Why this works: This script is designed to be concise, non-judgmental, and age-appropriate for a beginner-intermediate level. It acknowledges the child's observation directly, validates the "bad idea" aspect, and then pivots to the why behind Saul's actions (desperation, feeling unheard). It then contrasts Saul's poor choice with David's better example, reinforcing the core lesson of seeking strength from God. The concluding sentence encourages self-reflection and the application of the lesson to their own lives, framing it as a learning opportunity rather than a simple condemnation.
Habit
The "Check-In & Refuel" Micro-Habit
Goal: To build a weekly practice of pausing to assess your emotional and spiritual state, and taking a small step to "refuel" before reaching a crisis point.
How-To: Once a week, for 5 minutes, do the following:
- Pause: Find a quiet moment (while washing dishes, commuting, before bed, etc.).
- Check-In: Ask yourself, honestly: "How am I really feeling right now? Am I feeling drained, stressed, disconnected, or overwhelmed?"

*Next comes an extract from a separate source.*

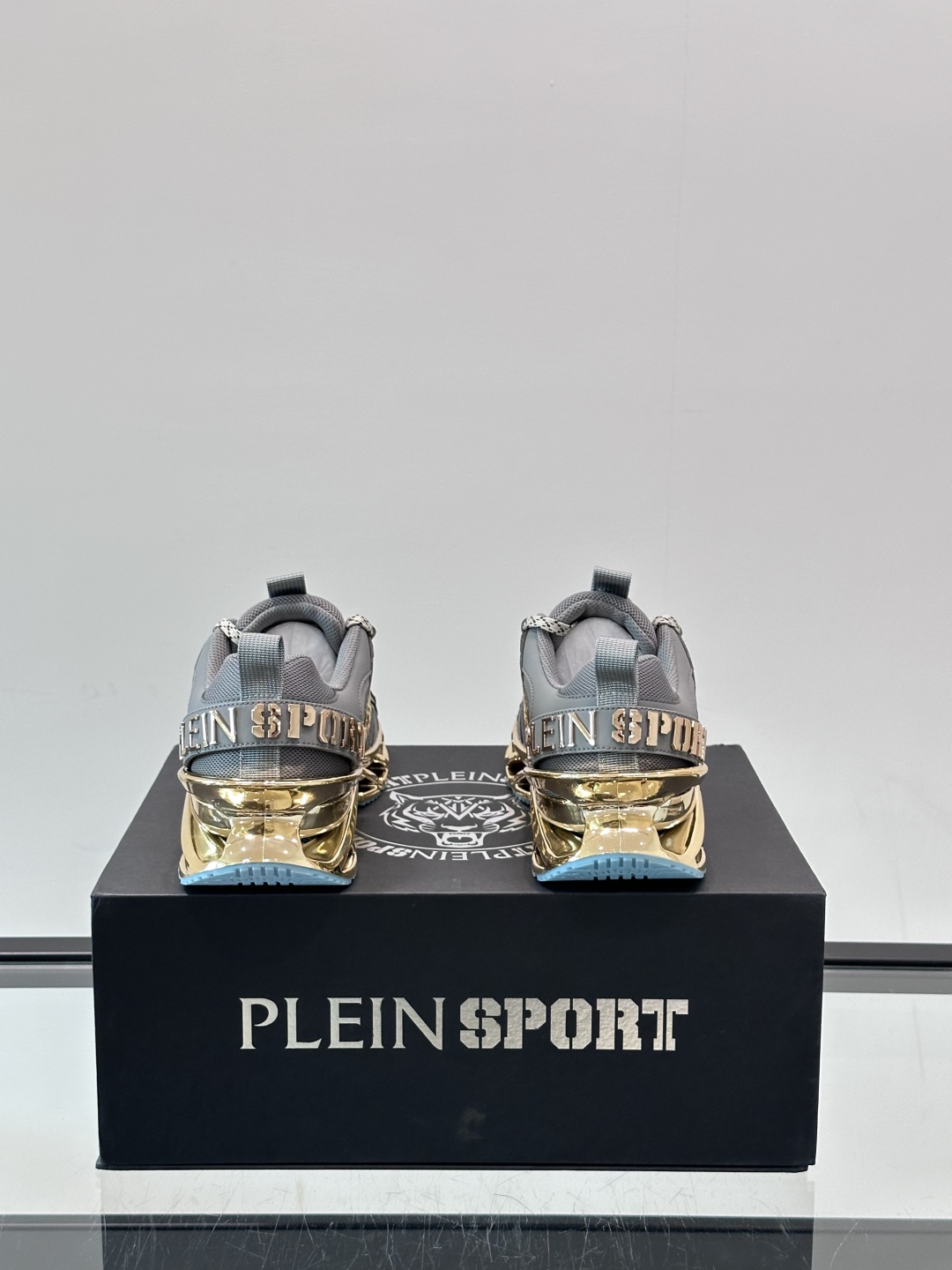 PHILIPP PLEIN德国潮牌，原单精品，高端男士休闲运动鞋，特殊渠道货，品质超赞！五金细节极具质感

- Micro-Refuel: Based on your check-in, choose one tiny action to replenish yourself. This could be:
- Taking 3 deep breaths and saying a short prayer or affirmation.
- Listening to one uplifting song.
- Reading a single comforting verse from Psalms or another text.
- Stepping outside for 60 seconds of fresh air.
- Sipping a cup of tea or water mindfully.
- Sending a quick text to a friend just to say "thinking of you."
Why this works: This habit is designed to be almost laughably simple, making it achievable for even the busiest parent. It's inspired by the woman who fed Saul and the need for David to seek strength. Instead of waiting until we are as desperate as Saul, or as overwhelmed as David after Ziklag, we proactively build small moments of "nourishment" into our week. This isn't about grand gestures; it's about consistent, tiny acts of self-care that prevent burnout and allow us to respond to challenges with more presence and less panic. It’s a micro-win that builds resilience.
Takeaway
This week, we’ve seen the stark contrast between despair leading to forbidden paths and faith leading to strength, even in the face of immense loss. Saul’s story is a cautionary tale about what happens when we feel abandoned by the Divine, while David’s story reminds us that even in our darkest moments, seeking strength in God is our most powerful resource. As parents, we will inevitably face our own "Saul moments"—times of fear, uncertainty, and feeling unheard. Instead of reaching for quick, unhelpful fixes, let us commit to David’s path: to actively seek strength in our faith, in our community, and in ourselves. Let’s bless the chaos, aim for those micro-wins of connection and self-care, and trust that by doing so, we build resilience, not just for ourselves, but for our entire family. Remember, a "good enough" try is always a step forward.